#### WHAT YOU HAVE TO DO:
Having located the line with "Hovea heterophylla (Common", print it and each remaining line exactly, stopping at the end of the material and omitting pictures.

#### DATA:
========================================================================

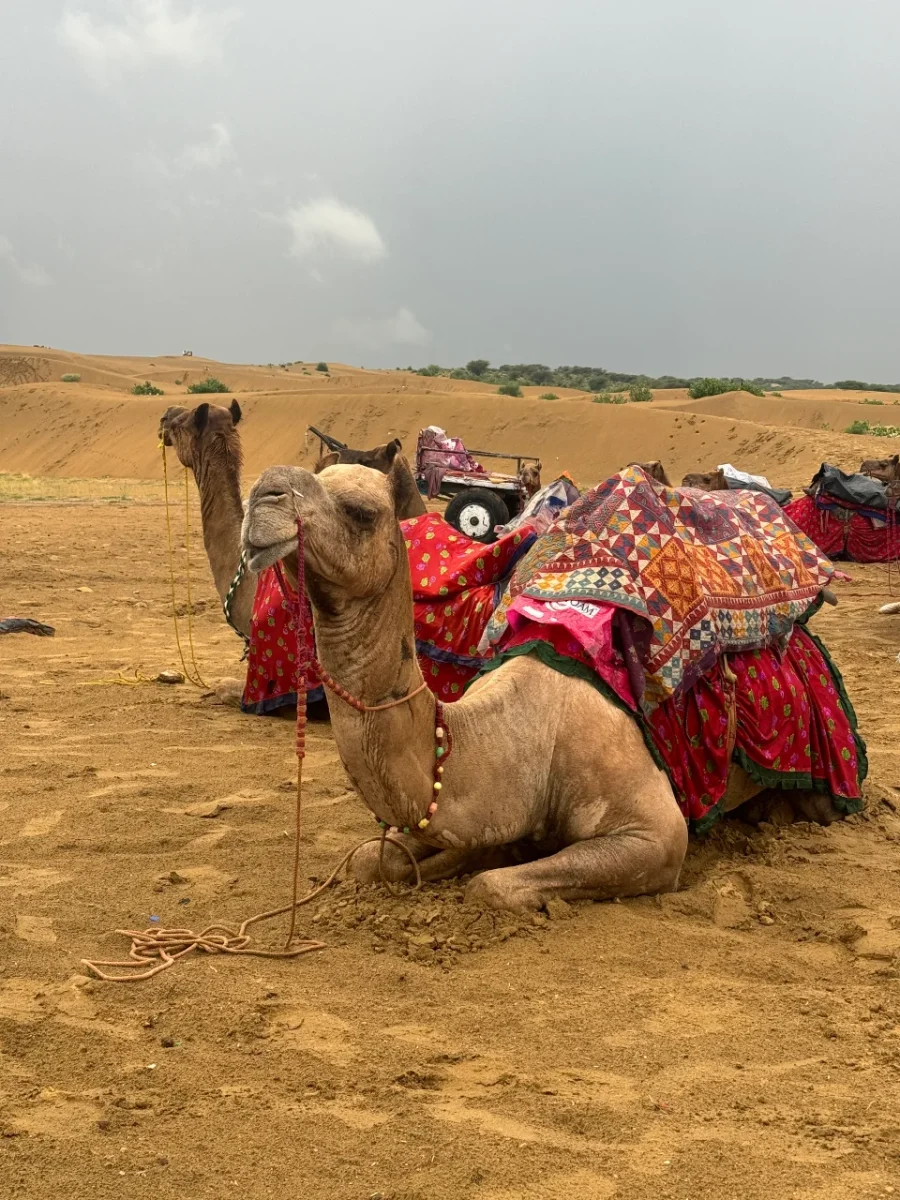 sand dune, desert, camel, rain, rajasthan, jaisalmer
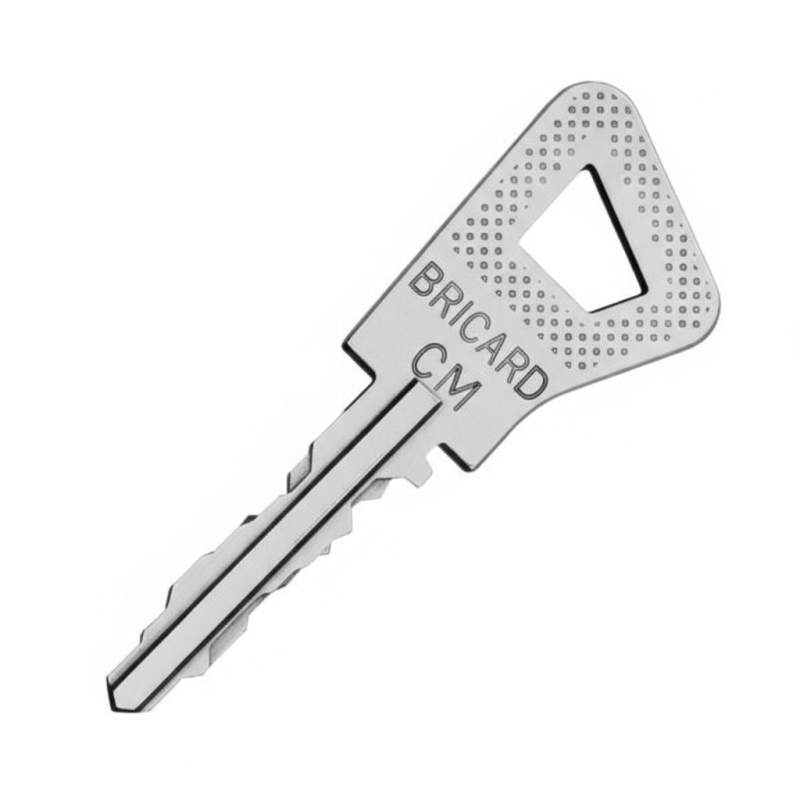Reproduction clé Bricard Bloctout sur numéro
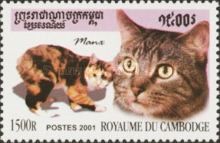 Manx Cat (Felis silvestris catus)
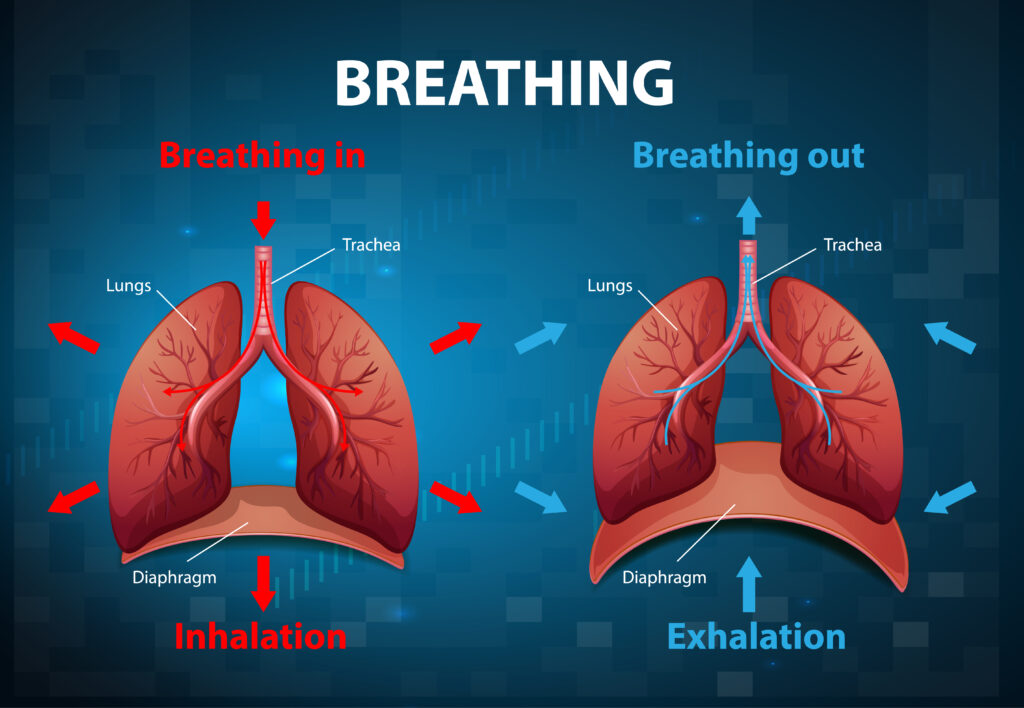 respiration abdominale- yoga - cours de yoga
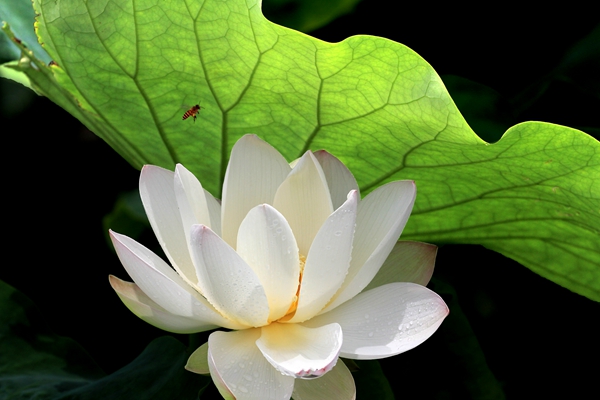 4.爭(zhēng)相斗艷。綻放的荷花就象爭(zhēng)相下凡的仙女一樣,向人們展示著婀娜多姿的身影。_副本.jpg 4.爭(zhēng)相斗艷。綻放的荷花就象爭(zhēng)相下凡的仙女一樣,向人們展示著婀娜多姿的身影。_副本.jpg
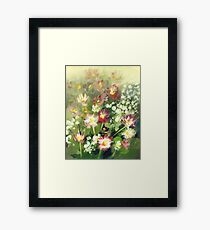 daisies Framed Print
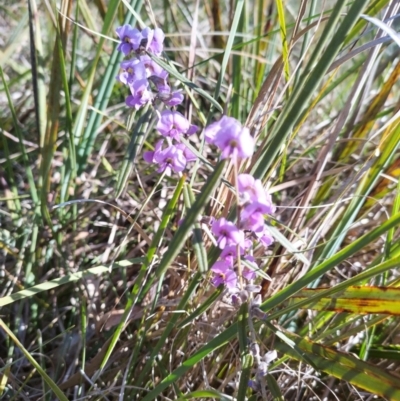 Hovea heterophylla (Common Hovea) at Bruce, ACT - 23 Aug 2024 by rbannister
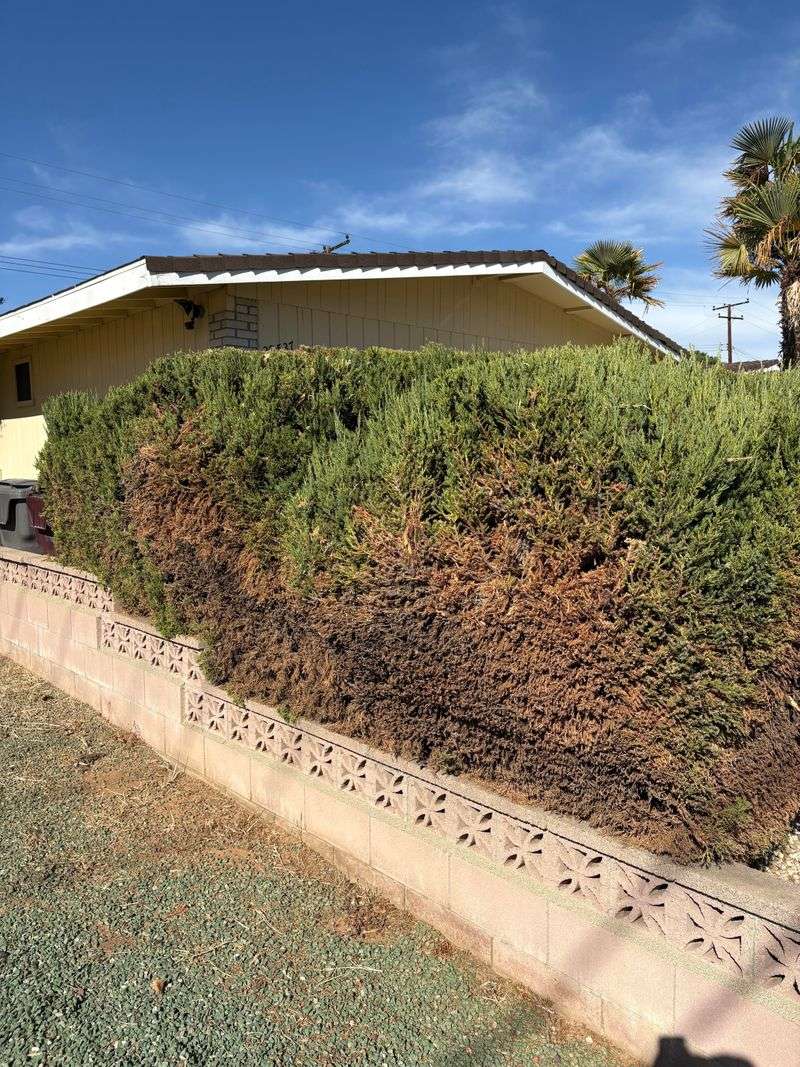 When Trimming A Neighbor's Shrub Can Become A Legal Issue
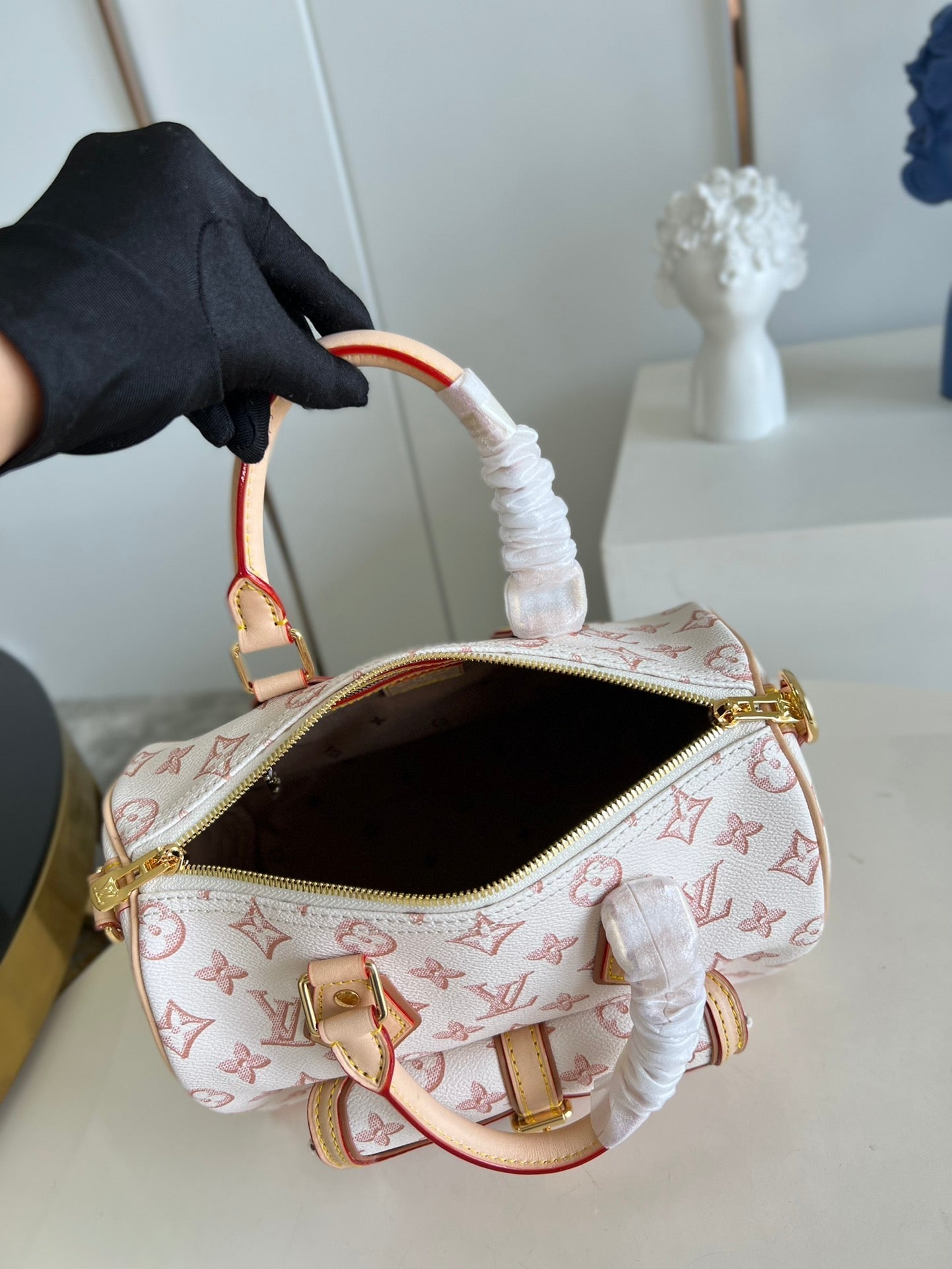 Louis Vuitton Speedy Bandoulière 25 Bag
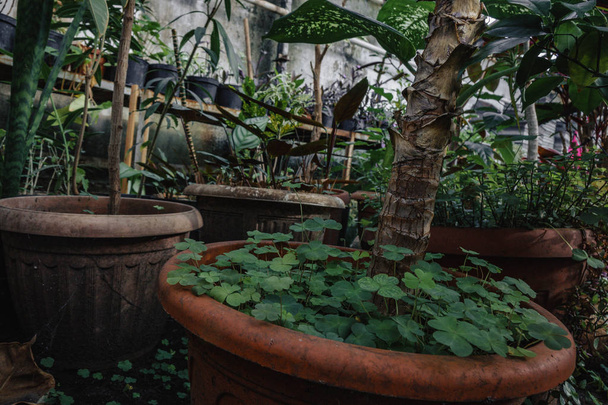 un ramo de flores y plantas en el invernadero. plantas verdes en la luz de la habitación naturaleza
 - Foto, imagen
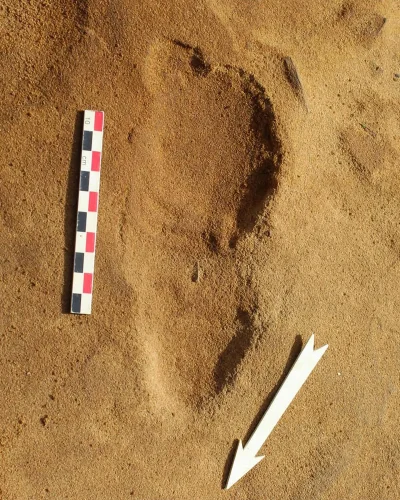 TerapeutyczneMruczenie - Neanderthal footprints found in France offer snapshot of the...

========================================================================

#### RESPONSE BELOW:
 Hovea heterophylla (Common Hovea) at Bruce, ACT - 23 Aug 2024 by rbannister
 When Trimming A Neighbor's Shrub Can Become A Legal Issue
 Louis Vuitton Speedy Bandoulière 25 Bag
 un ramo de flores y plantas en el invernadero. plantas verdes en la luz de la habitación naturaleza
 - Foto, imagen
 TerapeutyczneMruczenie - Neanderthal footprints found in France offer snapshot of the...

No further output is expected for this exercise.